Thank you for your response Nyclon. That sounds alright then.

Also its within 28 days of online application submission and payment of fees no? Not from date of biometrics and document submission appointment? So in theory, we get wed on 3rd October , so I could submit the online application and make the visa payment on 4th october and then leave for my honeymoon, and come back for a biometrics appointment on say 20th October , when I can submit all the paper work etc. So the payslips and bank statements would only have to be within 28 days of 4th october yes?

Thanks a lot again


----------



## Joppa (Sep 7, 2009)

Yes, that's correct.


----------



## Hertsfem (Jun 19, 2013)

Is there a time period for biometrics and handing in documents after online application?


----------



## Joppa (Sep 7, 2009)

It's two weeks for US, but don't know about other countries. It varies.


----------



## nahtich (Apr 22, 2014)

Dear all,

I have a question regarding 28 day rule. My last payslip is dated 30 Apr and my Fiance applied online today.

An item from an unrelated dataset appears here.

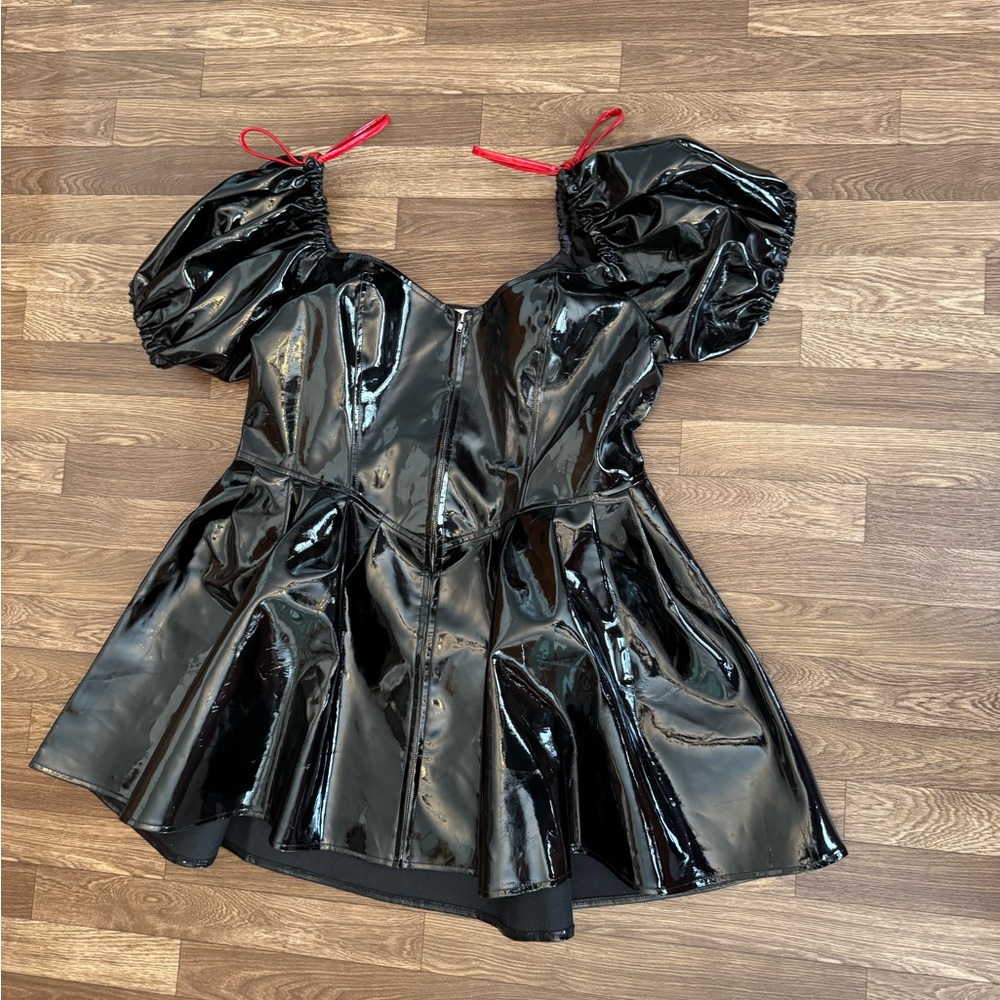 Fashion Brand Company - Garbage Bag Mini Dress 2X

He booked his Biometrics for June 26.

I am worried that my payslip is going to be 2 months old by the time Biometrics is done.

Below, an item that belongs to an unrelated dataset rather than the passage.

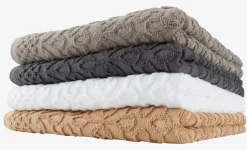 Handdoek STIDSVIG 50x100 asfalt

Do I have to include my 30 May payslip as well?

Thanks. Appreciate the help


----------



## kejal_k (May 4, 2009)

Joppa said:


> It's two weeks for US, but don't know about other countries. It varies.


Joppa, do you know what the limit is for Australia?


----------



## Joppa (Sep 7, 2009)

It has to be no more than 28 days old by the time you apply online and pay. The date for biometric appointment doesn't come into the equation.

Last time I looked, the Australia page doesn't say.


----------



## Kimi2490 (Nov 8, 2012)

I am having the same problem with India. I know we book biometrics appointment at time of payment however within how many days of the payment, the appointment has to be, is somethnig i am not able to arrive at


----------



## nathansaurus (May 26, 2014)

Hello everybody,

I have a question regarding the 28 day documents rule as well. My wife is applying for a Tier 4 student visa, and for one of the requirements, she needs to provide financial evidence that she has enough funds to last her through her studies. The UKBA website stated: 

_Outer London or anywhere else in the UK £800 ($1,337) for living costs for each month of your course, up to a maximum of 9 months (totaling $12,033) 
_
For evidence that my wife has enough funds to last her throughout her studies, does the 28 day document rule simply mean the bank statement or letter stating the aforementioned funds are within the 28 days of applying for the Tier 4 visa, or does the money have to be in our bank account for 28 days before she could apply for the visa? Also, from your experience, do stocks or accounts like Scottrade help in showing evidence of funds, since cashed stock that sits there is technically is like a bank account?

Thanks in advance!


----------



## Joppa (Sep 7, 2009)

I think a different requirement applies for Tier 4 visa. Read the guidance. 
https://www.gov.uk/government/uploa...ent_data/file/303848/T4_Guidance_06-04-14.pdf. Page 28ff.


----------



## nyclon (Apr 3, 2011)

nathansaurus said:


> Hello everybody,
> 
> I have a question regarding the 28 day documents rule as well. My wife is applying for a Tier 4 student visa, and for one of the requirements, she needs to provide financial evidence that she has enough funds to last her through her studies. The UKBA website stated:
> 
> ...



From the Tier 4 Guidance:

The evidence of money that you use must be of cash funds in the bank (this includes savings accounts and current accounts even when notice must be given), as a loan letter or official financial or government sponsorship available to you. Other accounts or financial instruments such as shares, bonds, overdrafts, credit cards and pension funds are not acceptable, regardless of notice period

And

You must show that you have held the required money for a consecutive 28 day period (finishing on the date of the closing balance) ending no more than 31 days before your application.


----------